(DATASET EXTRACT):
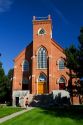 Native clay brick exterior of the St. Ignatius Mission located in St. Ignatius, Montana, USA.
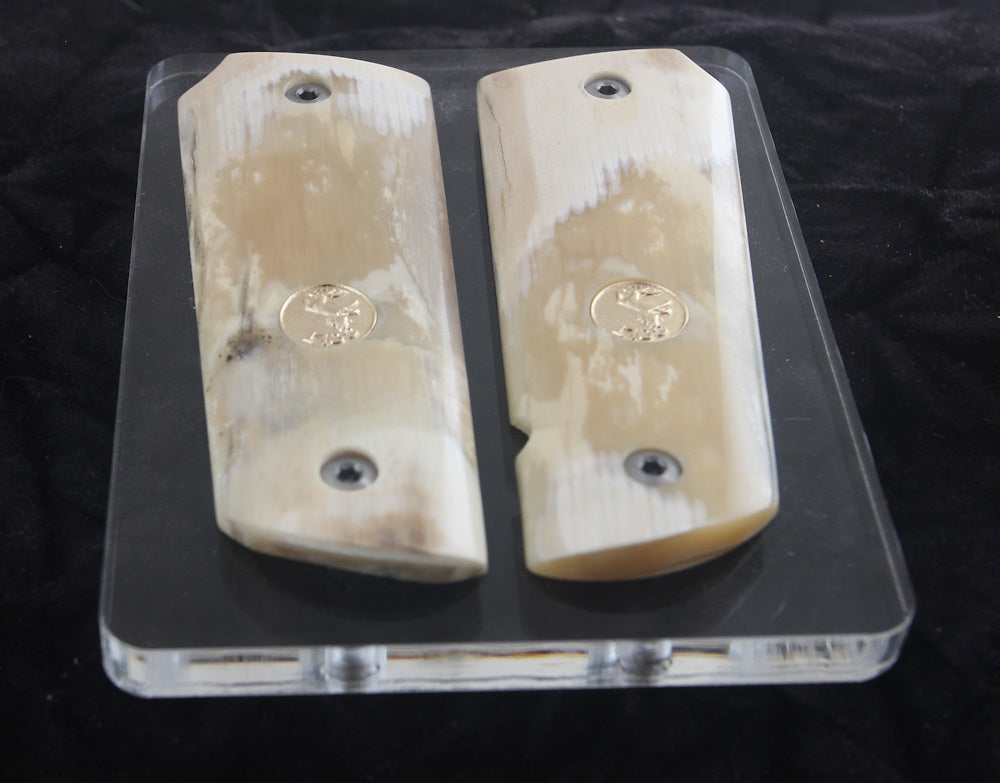 MAMMOTH IVORY 1911 GRIPS GOLD COLT MEDALLIONS A-2700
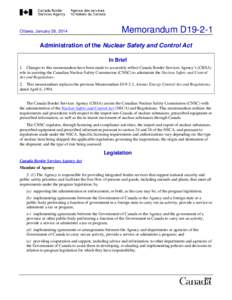 Natural Resources Canada / Nuclear technology / Nuclear Safety and Control Act / Nuclear power / Nuclear proliferation / Nuclear safety / Energy / Nuclear physics / Canadian Nuclear Safety Commission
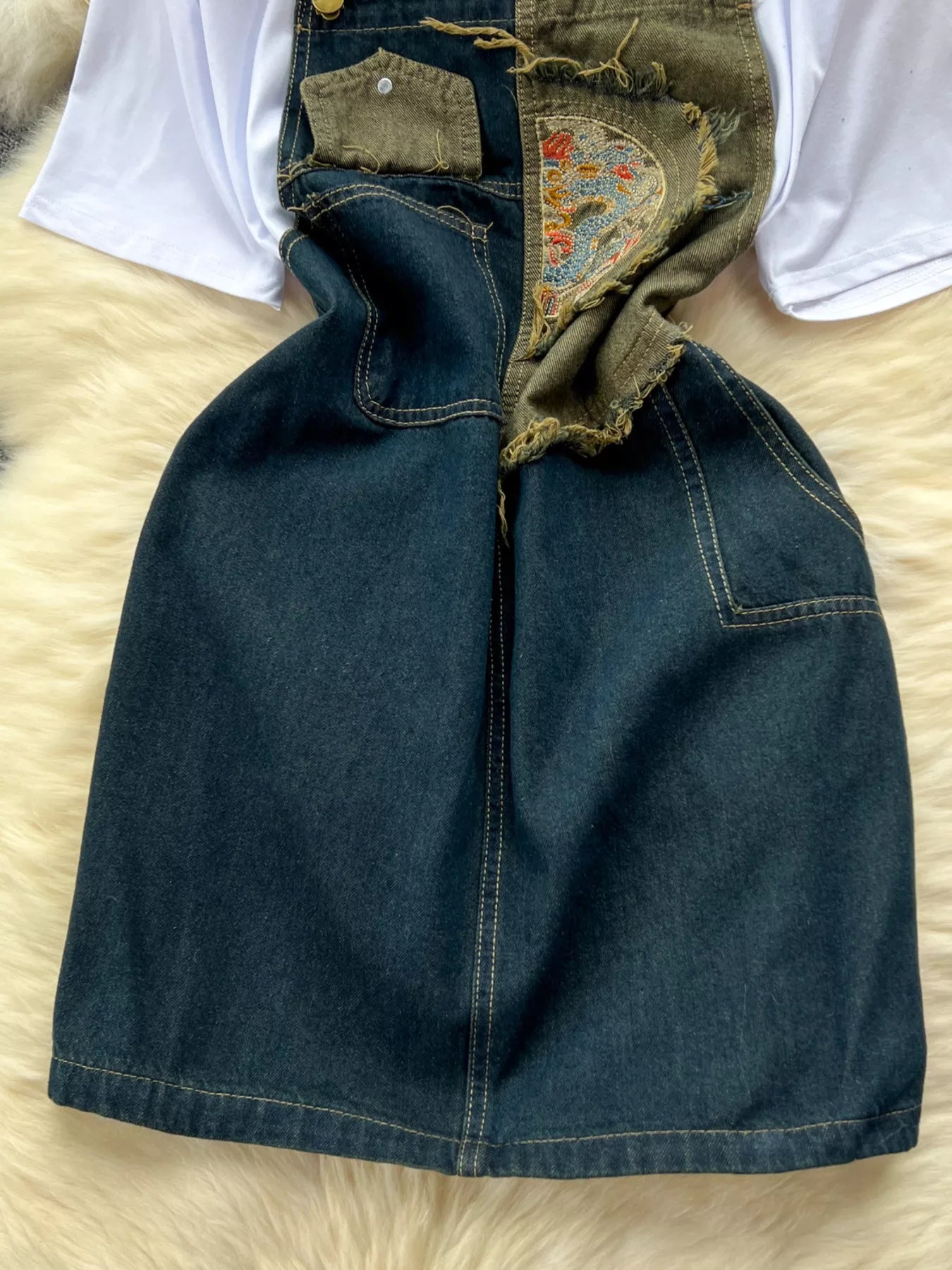 Short Sleeve T-Shirt and Denim Overall Dress Set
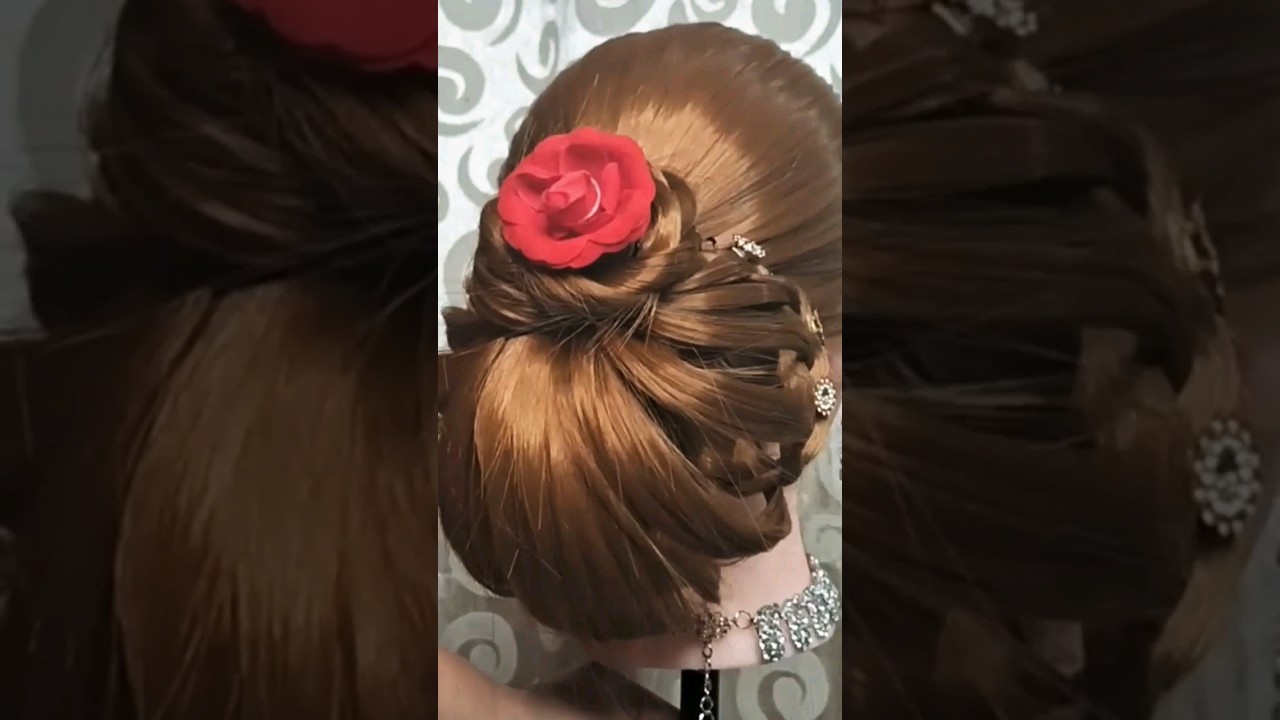 Net Juda Hair Style 2018 | Bun Hairstyle on Saree | Charm Glow and Beauty -  YouTube | Bun hairstyles, Party hairstyles, Hair styles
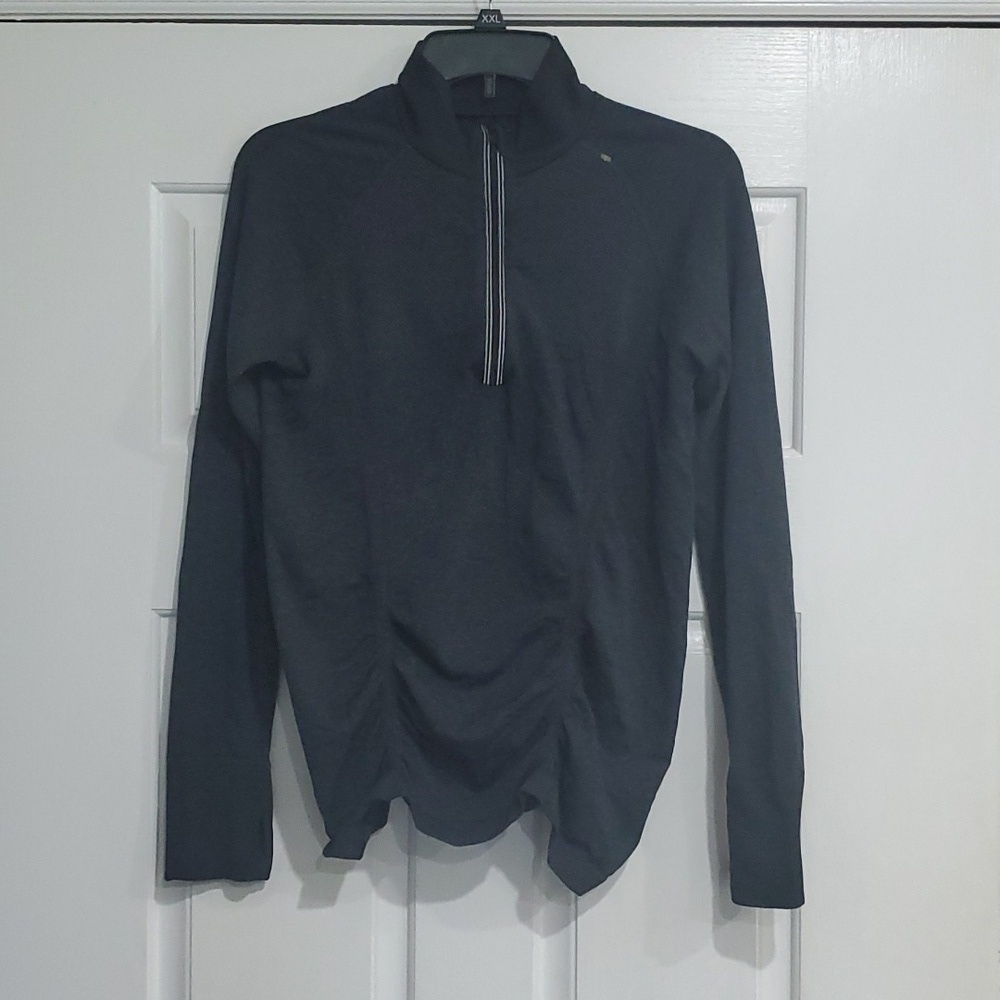 Athleta black ruched mock neck quarter zip long sleeve size Medium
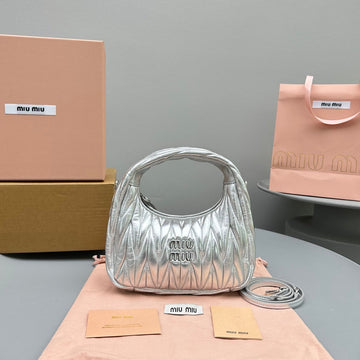 MINI HOBO 20 BAG IN SILVER SHEEPSKIN Luxe Carry Bags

(GOAL OF THE EXERCISE):
No pictures belong in the output. Restate word for word only the lines from the one containing "Short Sleeve T-Shirt" to the end of the entries above.

(EXERCISE OUTPUT):
 Short Sleeve T-Shirt and Denim Overall Dress Set
 Net Juda Hair Style 2018 | Bun Hairstyle on Saree | Charm Glow and Beauty -  YouTube | Bun hairstyles, Party hairstyles, Hair styles
 Athleta black ruched mock neck quarter zip long sleeve size Medium
 MINI HOBO 20 BAG IN SILVER SHEEPSKIN Luxe Carry Bags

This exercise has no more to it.